* Problem
Every record, from the first line to the last, needs to be given again exactly.

* Working data
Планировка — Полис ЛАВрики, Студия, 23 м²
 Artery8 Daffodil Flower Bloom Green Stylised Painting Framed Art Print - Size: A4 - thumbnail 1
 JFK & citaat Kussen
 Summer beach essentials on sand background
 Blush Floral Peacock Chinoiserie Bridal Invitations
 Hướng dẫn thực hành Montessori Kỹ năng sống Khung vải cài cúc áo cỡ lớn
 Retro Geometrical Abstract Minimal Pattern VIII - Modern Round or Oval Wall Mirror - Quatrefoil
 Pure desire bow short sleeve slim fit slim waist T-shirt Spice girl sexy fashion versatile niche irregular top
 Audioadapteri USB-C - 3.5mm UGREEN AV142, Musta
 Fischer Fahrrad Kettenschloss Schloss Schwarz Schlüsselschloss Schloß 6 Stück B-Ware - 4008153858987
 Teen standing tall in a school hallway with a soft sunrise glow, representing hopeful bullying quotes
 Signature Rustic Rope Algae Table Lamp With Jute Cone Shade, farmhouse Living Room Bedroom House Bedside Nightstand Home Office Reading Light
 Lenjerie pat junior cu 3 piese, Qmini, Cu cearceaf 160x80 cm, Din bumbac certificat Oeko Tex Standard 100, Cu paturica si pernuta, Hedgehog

* Solution for this exercise
Планировка — Полис ЛАВрики, Студия, 23 м²
 Artery8 Daffodil Flower Bloom Green Stylised Painting Framed Art Print - Size: A4 - thumbnail 1
 JFK & citaat Kussen
 Summer beach essentials on sand background
 Blush Floral Peacock Chinoiserie Bridal Invitations
 Hướng dẫn thực hành Montessori Kỹ năng sống Khung vải cài cúc áo cỡ lớn
 Retro Geometrical Abstract Minimal Pattern VIII - Modern Round or Oval Wall Mirror - Quatrefoil
 Pure desire bow short sleeve slim fit slim waist T-shirt Spice girl sexy fashion versatile niche irregular top
 Audioadapteri USB-C - 3.5mm UGREEN AV142, Musta
 Fischer Fahrrad Kettenschloss Schloss Schwarz Schlüsselschloss Schloß 6 Stück B-Ware - 4008153858987
 Teen standing tall in a school hallway with a soft sunrise glow, representing hopeful bullying quotes
 Signature Rustic Rope Algae Table Lamp With Jute Cone Shade, farmhouse Living Room Bedroom House Bedside Nightstand Home Office Reading Light
 Lenjerie pat junior cu 3 piese, Qmini, Cu cearceaf 160x80 cm, Din bumbac certificat Oeko Tex Standard 100, Cu paturica si pernuta, Hedgehog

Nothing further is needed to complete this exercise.